Almost all the firearms in White House Down are chambered for 9mm.
Georg Luger developed the 9×19mm Parabellum cartridge from his earlier 7.65×21mm Parabellum round. Luger had derived the 7.65×21mm Parabellum from the original 7.65×25mm Borchardt cartridge in his efforts to improve upon the Borchardt C-93 pistol. Shortening the length of the cartridge case allowed him to improve the design of the toggle lock and to incorporate a smaller, angled grip. The initial 9×19mm Parabellum cartridge was created by removing the bottleneck of the 7.65×21mm Parabellum Luger cartridge, resulting in a tapered rimless cartridge.
The name Parabellum is derived from the Latin: "Si vis pacem, para bellum" ("If you seek peace, prepare for war"). The cartridge is known as "9mm Luger" to differentiate it from the 9x18mm Makarov and 9mm Browning Short (better known as .380 ACP) cartridges. It was introduced in 1901 and has been used by most major militaries in the world for over a century, although .45 ACP is more favored by serious shooters for its larger exit wounds and stopping power. Despite this prejudice against the cartridge, it has stood the test of time and proved to be quite popular as a self-contained pistol round that is used by military and police all over the world, mainly because it is cheaper and more available than the .45 ACP cartridge.

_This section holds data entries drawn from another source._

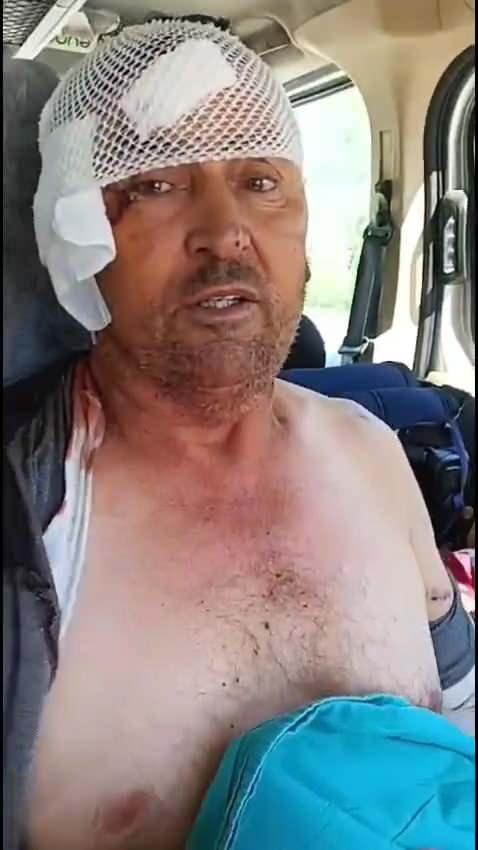 <p>Süleyman Kır'ın oğlu Ahmet Kır ise aslanın saldırısına uğrayan babasının videosunu yayımladı. Videoda Kır, <strong>"Üstümde battaniye vardı. Battaniyeyi kaldırdığımda aslanın üzerime çöktüğünü gördüm. Aslanla bir süre boğuştuk. Yardım istedik, çevrede kimse yoktu. Bu sırada aslan baldırımı ve boynumu ısırdı. Boynunu yakalayarak sıktım, o esnada kaçtı. Yaklaşık on metre uzaklaşıp dikildi. O sırada kolluk kuvvetleri geldi." </strong>ifadelerini kullandı.</p>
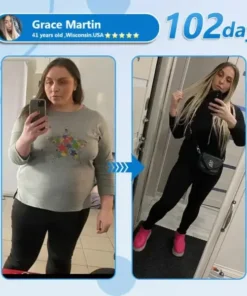 Croaie® Nano Microneedle Patch with SMGT-GLP-1 & Matrixyl 3000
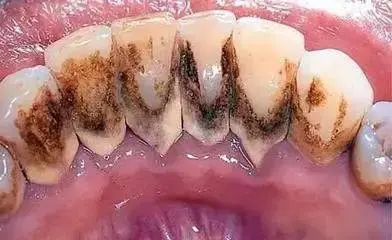 Photos of the inside of the mouth of a typical patient with no teeth cleaning habits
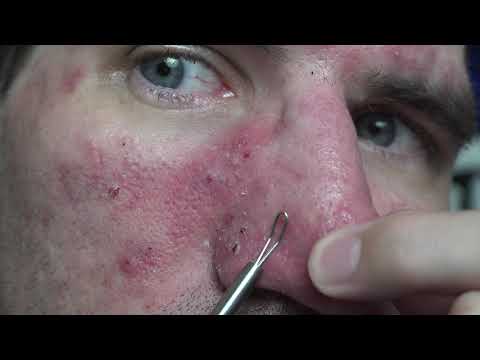 Clearing my cyst-icles | Life With Cystic Acne Documentary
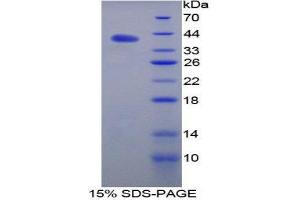 SDS-PAGE (SDS) image for Plasminogen (PLG) (AA 98-436) protein (His tag) (ABIN2121898)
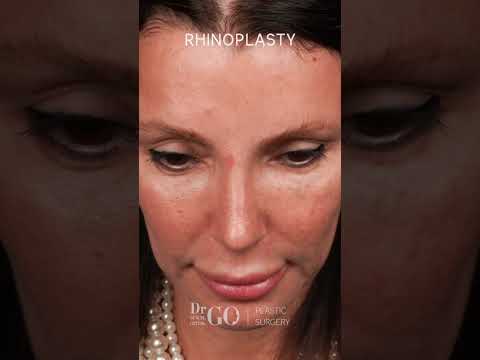 Rhinoplasty Transformation by Assoc. Prof. Dr. Güncel Öztürk | Before & After Results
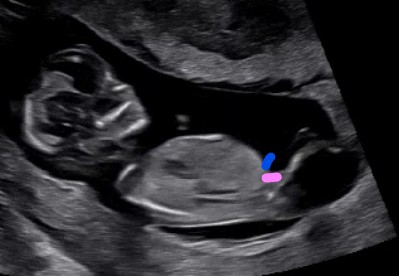 태아성별확인 관련한 각도법 초음파사진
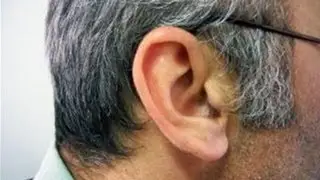 How To Unclog Your Ears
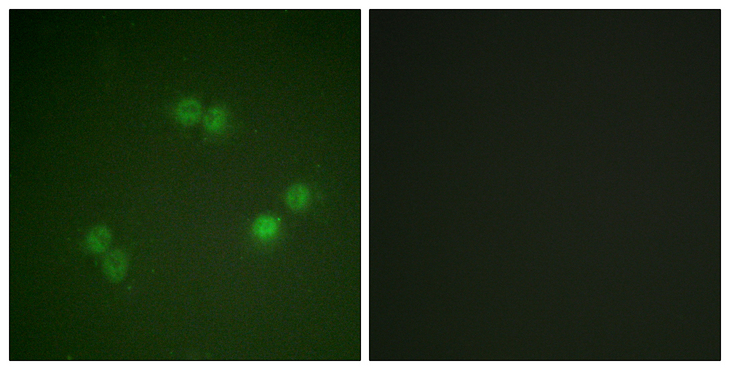 SF1 Antibody - Immunofluorescence analysis of A549 cells, using SF1 (Phospho-Ser82) Antibody. The picture on the right is blocked with the phospho peptide.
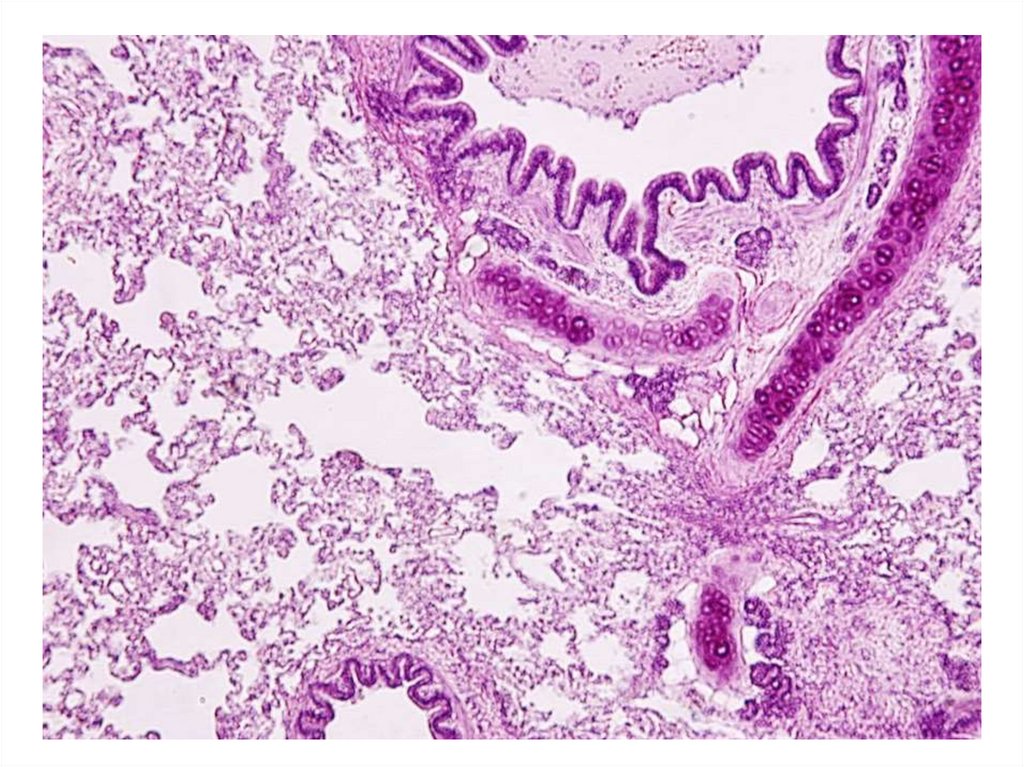 Стенка бронха гистология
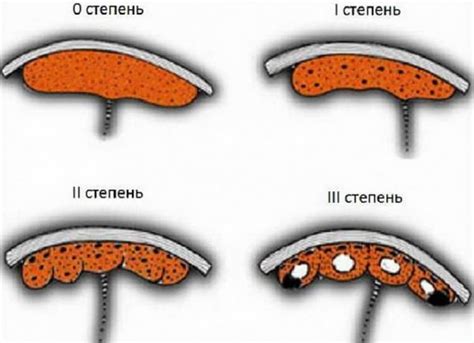 Характеристики и особенности плаценты в степени созревания 2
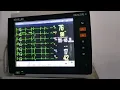 case of Ventricular Bigeminy changing to Trigeminy and Quadrigeminy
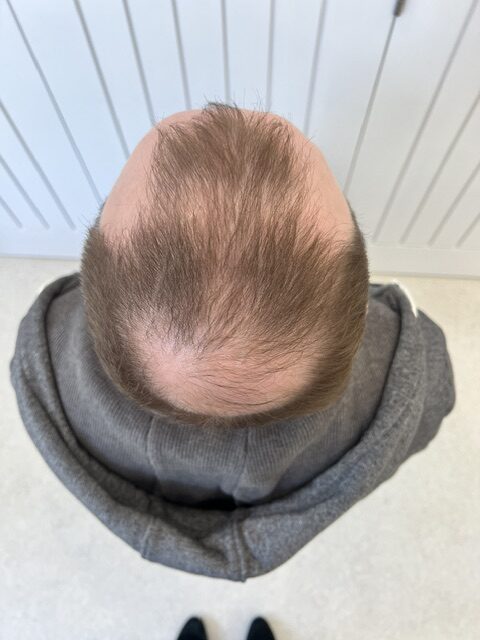 Before Transplant 1.1 on client
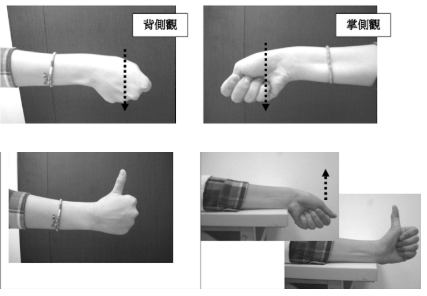 媽媽手網球肘 媽媽手網球肘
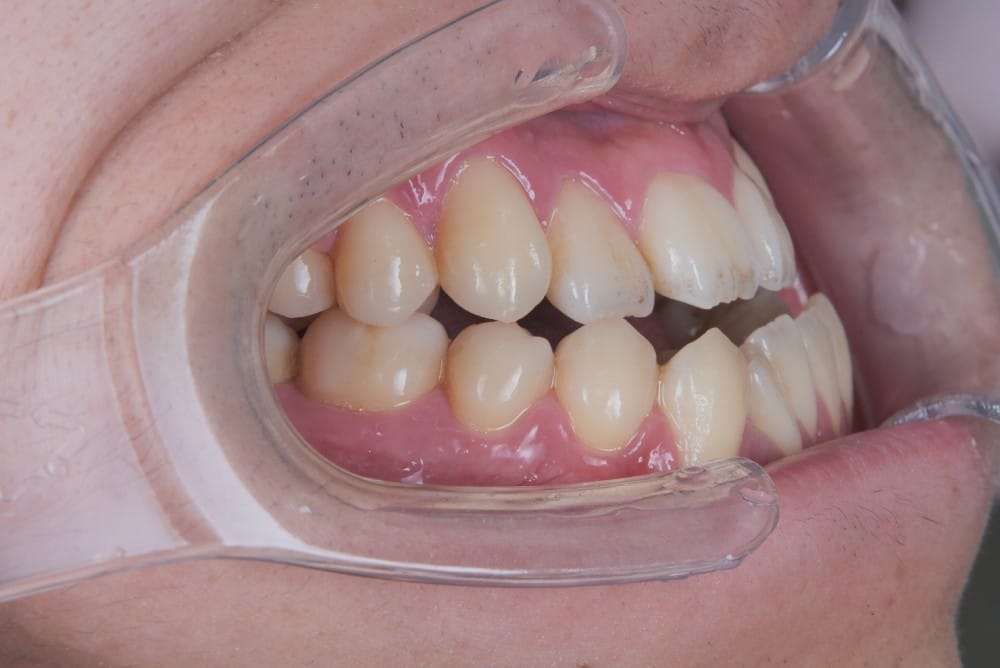 あごの大きさ・位置が原因（骨格性の受け口）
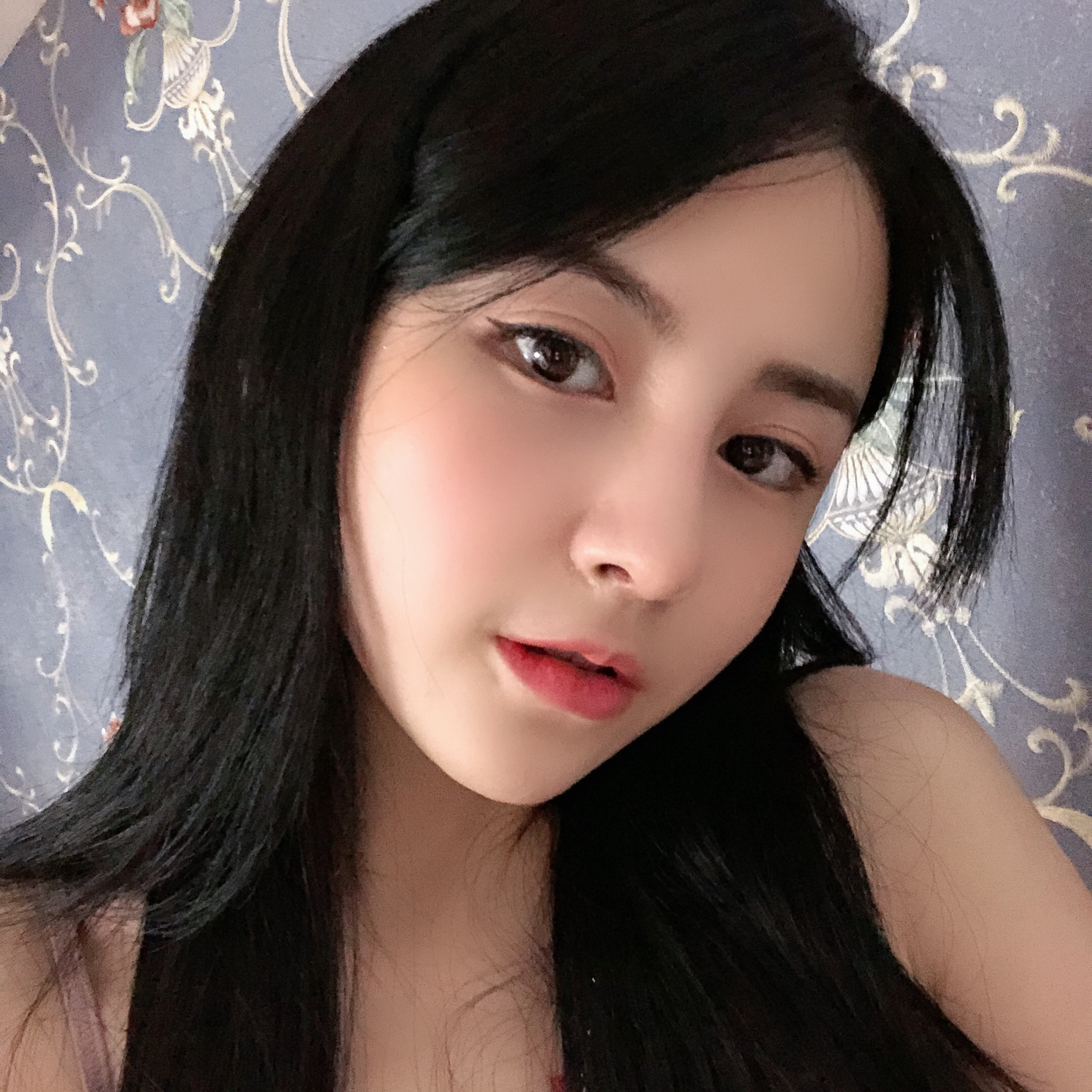 隆鼻手術(shù)術(shù)后效果2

According to the 2006 edition of Cartridges of the World, the 9×19mm Parabellum is "the world's most popular and widely used military handgun cartridge." In addition to being used by over 60% of police in the U.S., Newsweek credits 9×19mm Parabellum pistol sales with making semi-automatic pistols more popular than revolvers. The popularity of this cartridge can be attributed to the widely held conviction that it is effective in police and self-defense use. Its low cost and wide availability are self-sustaining contributors to the caliber's continuing popularity.